Wavescan N411, January 8, 2017

The Early Wireless Scene on the Caribbean Island of Puerto Rico

As the first topic in our 2017 year-long emphasis on the radio scene in the Middle Americas, we visit the Caribbean island of Puerto Rico and we turn the clock back more than one hundred years, to the early 1900s. Back at that stage, wireless was very young, and spark transmissions were the only way to transmit Morse Code messages through the air.

Puerto Rico is listed as the largest American island; 110 miles long and 40 miles wide. It is a mountainous tropical island with many adjacent smaller islands, two of which are inhabited: Culebra and Vieques, both of which lie a few miles off the eastern edge of Puerto Rico.
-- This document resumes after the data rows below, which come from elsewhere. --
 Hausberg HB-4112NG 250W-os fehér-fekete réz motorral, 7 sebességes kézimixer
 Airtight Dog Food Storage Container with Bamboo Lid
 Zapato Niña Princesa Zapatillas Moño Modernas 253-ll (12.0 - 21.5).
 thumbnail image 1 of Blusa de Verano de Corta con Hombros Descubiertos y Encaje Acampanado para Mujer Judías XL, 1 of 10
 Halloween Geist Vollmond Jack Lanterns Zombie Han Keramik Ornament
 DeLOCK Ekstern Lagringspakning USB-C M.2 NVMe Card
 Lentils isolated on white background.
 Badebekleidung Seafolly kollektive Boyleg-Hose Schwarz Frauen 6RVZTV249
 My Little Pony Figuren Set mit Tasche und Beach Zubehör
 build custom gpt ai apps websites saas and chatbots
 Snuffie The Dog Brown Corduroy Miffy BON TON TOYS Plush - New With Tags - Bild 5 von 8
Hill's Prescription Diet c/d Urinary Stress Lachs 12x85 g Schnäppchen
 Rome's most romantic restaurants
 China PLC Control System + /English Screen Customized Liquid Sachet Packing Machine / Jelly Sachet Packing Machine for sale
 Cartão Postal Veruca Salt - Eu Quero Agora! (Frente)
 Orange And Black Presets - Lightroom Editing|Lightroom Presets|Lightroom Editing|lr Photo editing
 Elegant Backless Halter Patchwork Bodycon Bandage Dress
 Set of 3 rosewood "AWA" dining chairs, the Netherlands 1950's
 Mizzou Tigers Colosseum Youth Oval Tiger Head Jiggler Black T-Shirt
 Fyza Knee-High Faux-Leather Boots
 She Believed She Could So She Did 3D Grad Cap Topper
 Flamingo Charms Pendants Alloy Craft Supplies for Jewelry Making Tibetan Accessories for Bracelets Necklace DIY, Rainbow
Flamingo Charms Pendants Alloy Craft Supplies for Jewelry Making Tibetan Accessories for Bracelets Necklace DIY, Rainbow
The original inhabitants of Puerto Rico back before the colonial era, were Amerindians who migrated in from North America, Central America and South America, usually via the intervening island groups. At the time of the visit by the famed Spanish explorer Christopher Columbus, it is estimated that the island population was as many as 50,000 local tribespeople.

On November 19, 1493, Christopher Columbus claimed Puerto Rico for Spain. A dozen years later, the first European settlement was established by the Spanish at Caparra, in what has since become a southern suburban area of the capital city San Juan. Local historians claim the Caparra settlement as the oldest European settlement in the Americas. The city of San Juan was established in 1521, and this is claimed as the second oldest European city in the Americas.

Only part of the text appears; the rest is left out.